Note: The following post was written in response a Question on Quora which talked about a hypothetical situation in which if incumbent Finance Minister of India was to be replaced with someone, who would you want in their place and why?
Dr. Subramanian Swamy.
I would surely want Dr. Subramanian Swamy taking charge of the Finance Ministry. I know that it is very unlikely that the BJP top brass would give him that position in the cabinet for his bellicose and audacious attitude. Yet, I don’t think that there is anyone more suitable for the job.
A noted and celebrated economist that he is, he also champions the cause for the transitioning to Singaporean like direct taxation policy (Which in my personal perspective and knowledge is the best way to go for Indian economy) to set the economy on a self-sustained investment cycle, than the one presently being followed which is heavily dependent on the inflow of foreign funds via mediums like FDI, FIIs, and FPIs.
Swamy’s view about Income Tax is there should be no Income Tax.

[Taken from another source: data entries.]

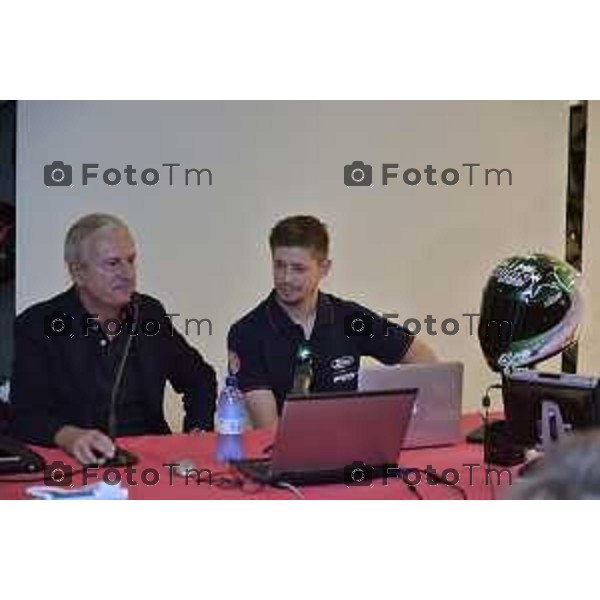 Brembate Sopra Nolan il Campione del Mondo Casey Stoner presentazione casco X-802RR ULTRA CARBON EDIZIONE ONE-OFF SUPERHERO a lui dedicata. da sx il Presidente Nolangroup Alberto Vergani e Casey Stoner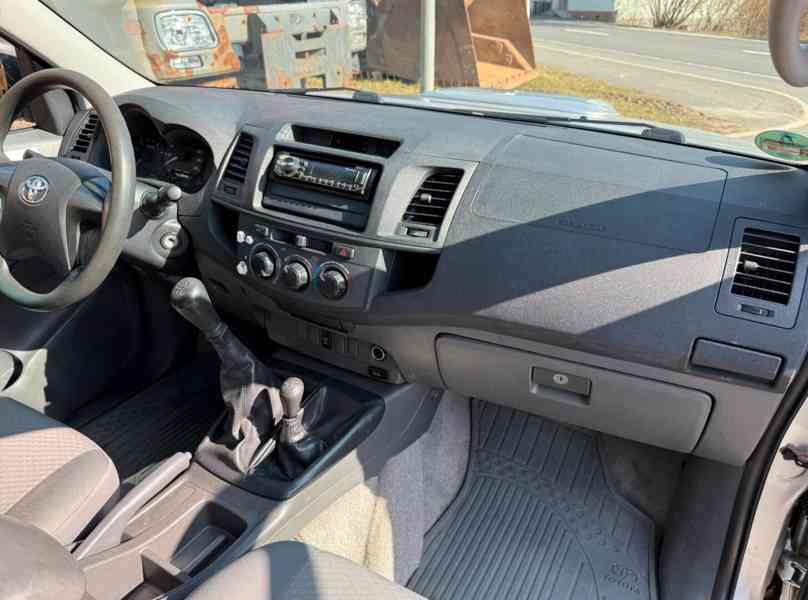 Toyota Hilux 2,5 D-4D 4X4 106kw - foto 12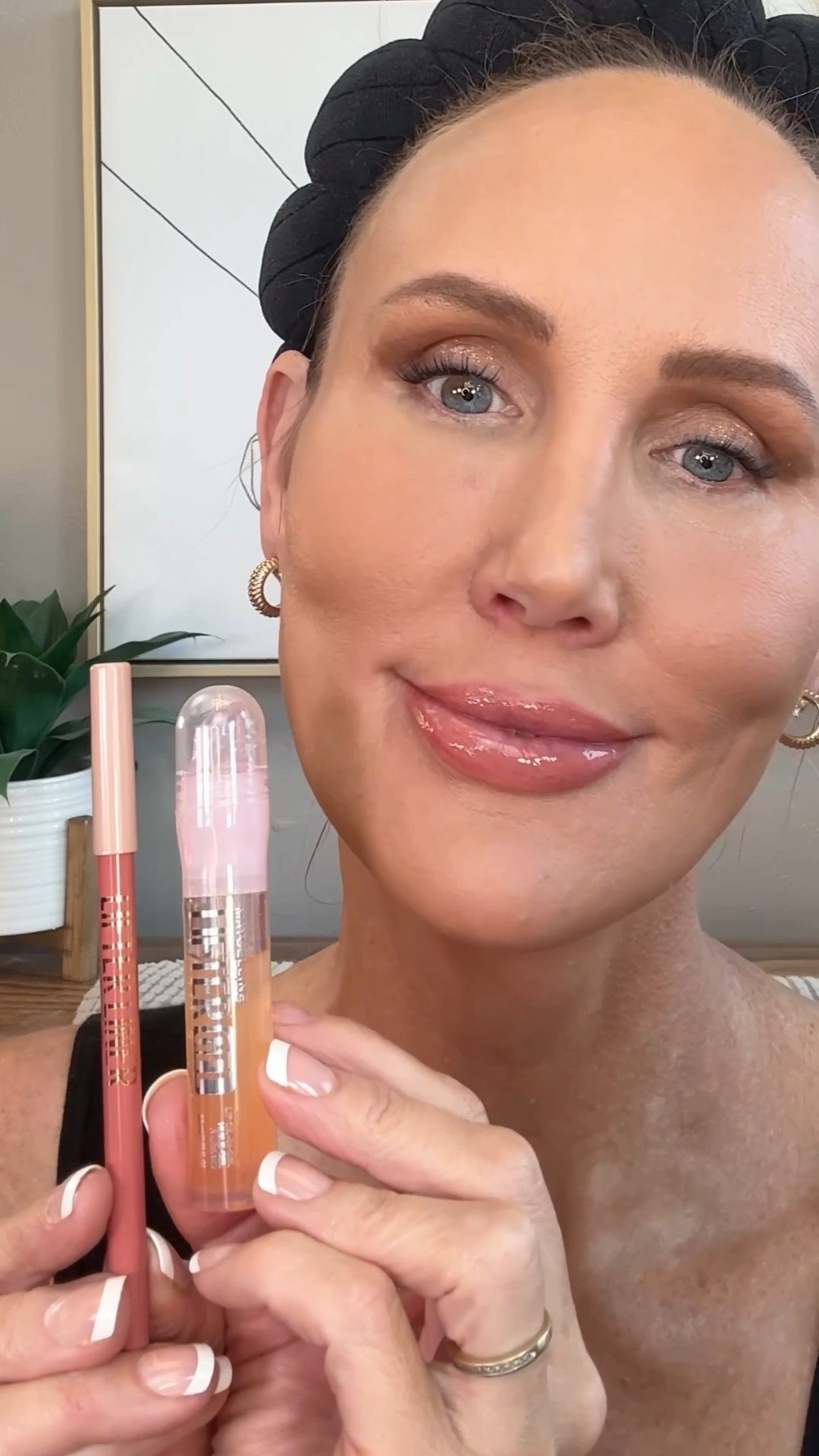 This Maybelline Lip Combo is so pretty for spring & summer! 

#lips #lipcombo #lipliner #lipgloss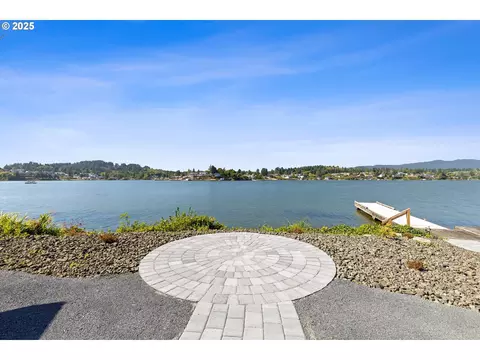 View/Area - 2997 NE Loop Dr, Otis, OR 97368 photo 1 of 4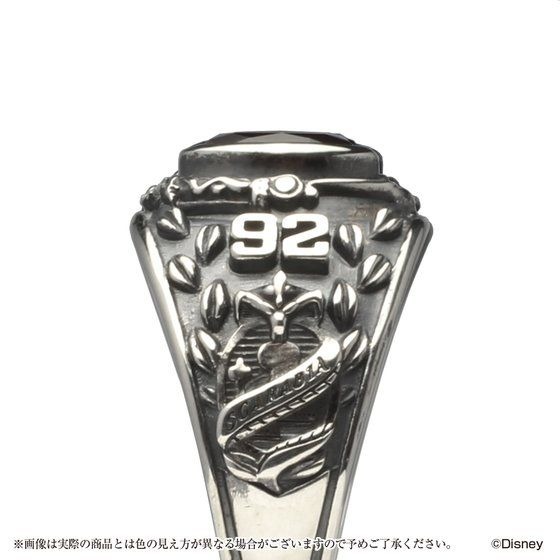 「ディズニー ツイステッドワンダーランド　カレッジリング」19,800円（税込）(C)Disney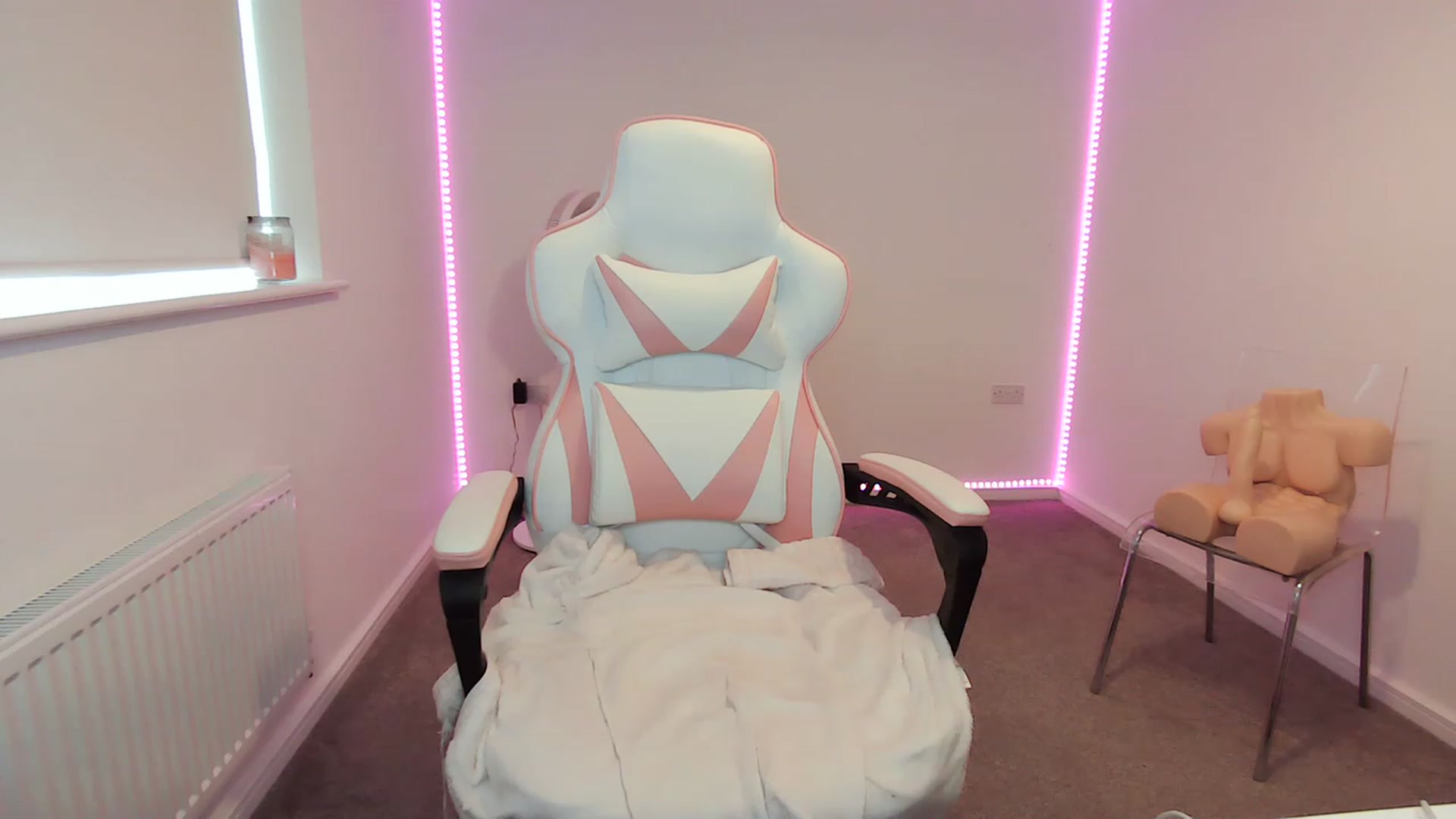 Gallery image thumbnail from ItsErikaJ's myfreecams stream on, 12/05/2022, 15:34 image 3 of 20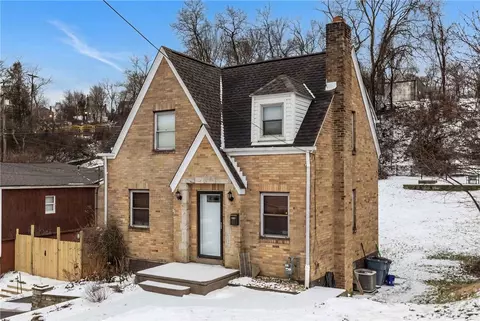 50 Sunrise Dr, Pittsburgh, PA 15236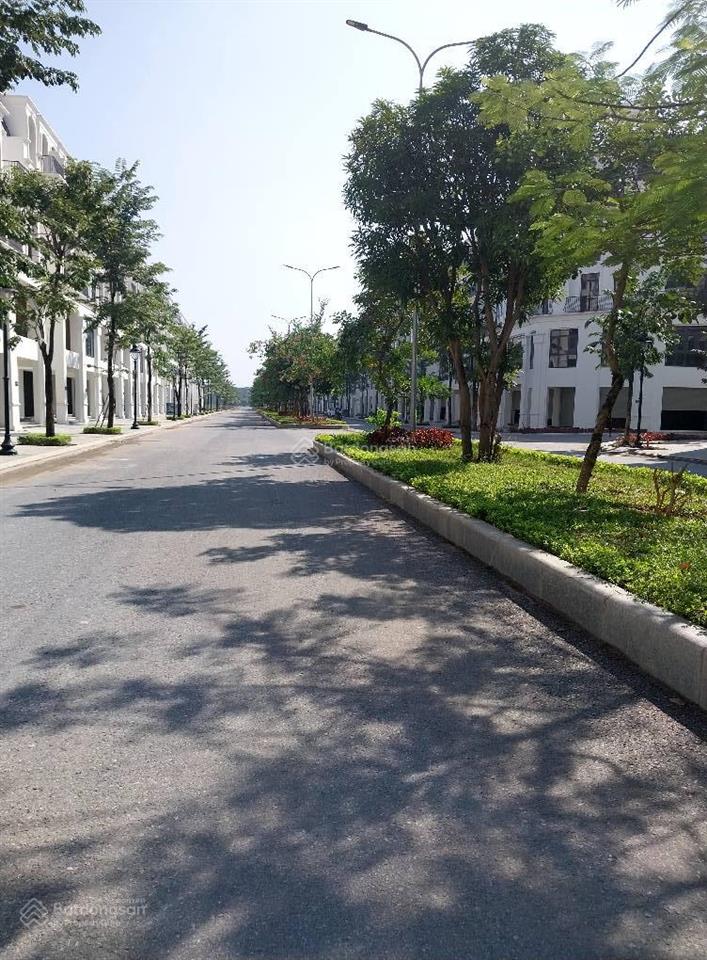 Căn đường 30m, 5 tầng, đại lộ ra vành đai 3.5 giá nhỉnh 16 tỷ, hướng đông bắc.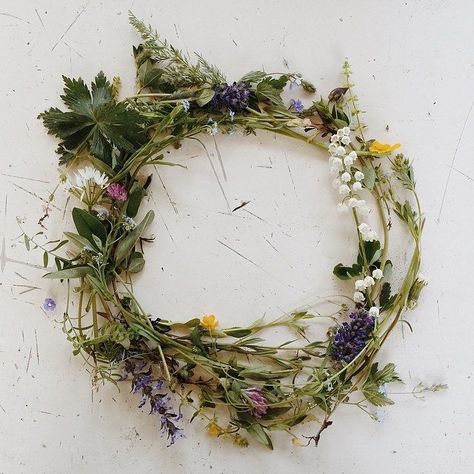 Oana Befort, Wildflower Crown, Wildflower Wreath, Pin Design, Deco Floral, Oak Leaf, Flowers And Leaves, Flower Crown, Grapevine Wreath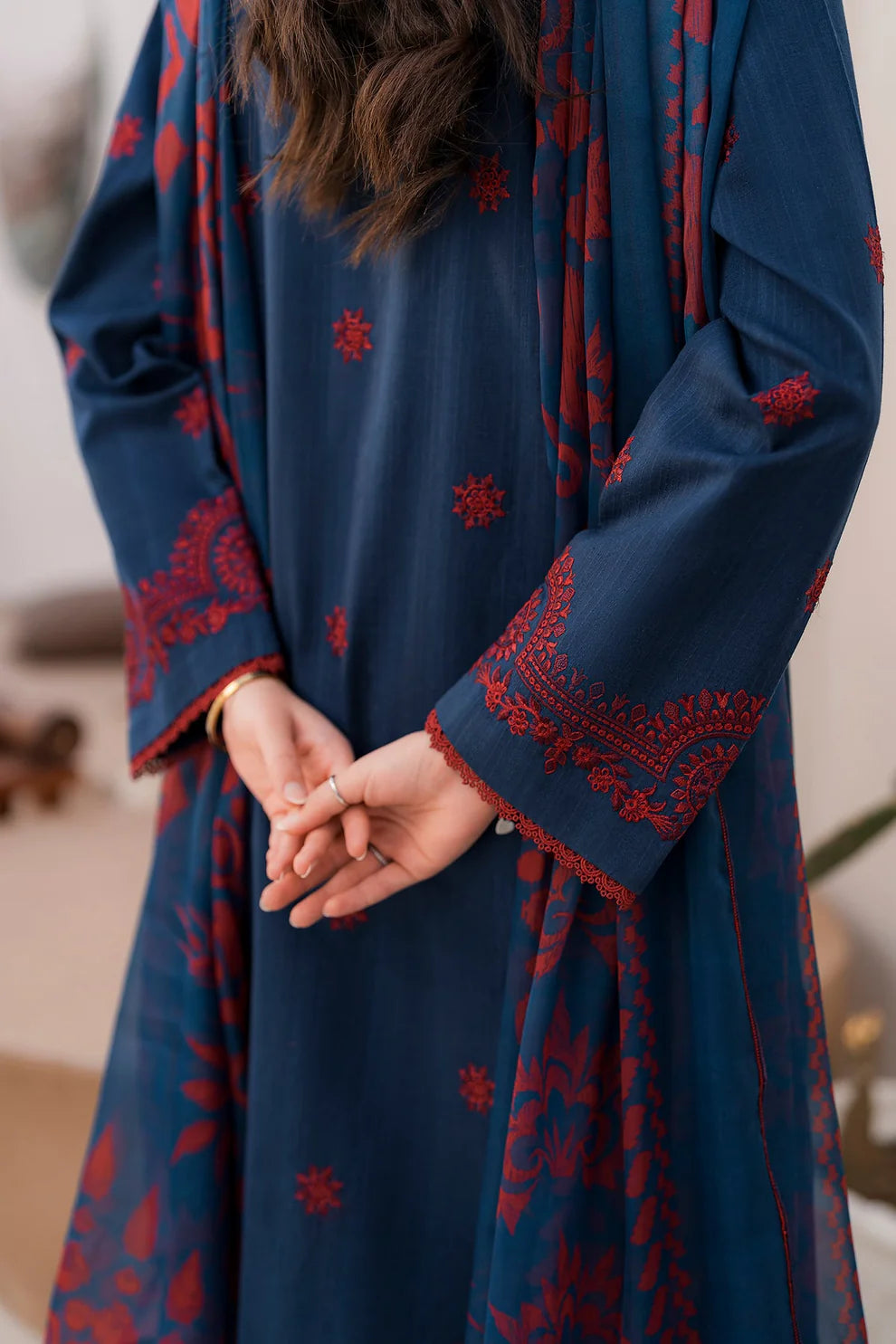 JAZMIN- 3PC LAWN EMBROIDERED SHIRT WITH DIAMOND PRINT DUPATTA- UR-2536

Swamy has oft-repeatedly argued for the abolition of income taxes (Singapore didn’t abolish the taxes but kept it very low) as they contribute just about ten percent of overall tax collections. Meanwhile, Income Tax is one of the primary cause because of which people actually generate black income which ultimately finds its way into cupboards, lockers, hidden bunkers in the houses, or in form of gold or real estate investments.
This is the same money which would have easily been deposited in the banks had there been no income taxation. That is the argument which Dr. Swamy underscores upon. This is so because the people deviating funds from banking and investment systems has virulently harmed the national economy. Furthermore, the model proposed by Dr. Swamy talks goes as follows:
Once the Income Taxation is abdicated, to control the excess liquidity in the markets, interest rates have to be hiked, which would channel the excess money into the banking systems, and flush the banks with an enormous deal of capital. Also, the increase in income because of tax abolition and an increase in interest rates would in tandem result in massive surge in savings pan nation.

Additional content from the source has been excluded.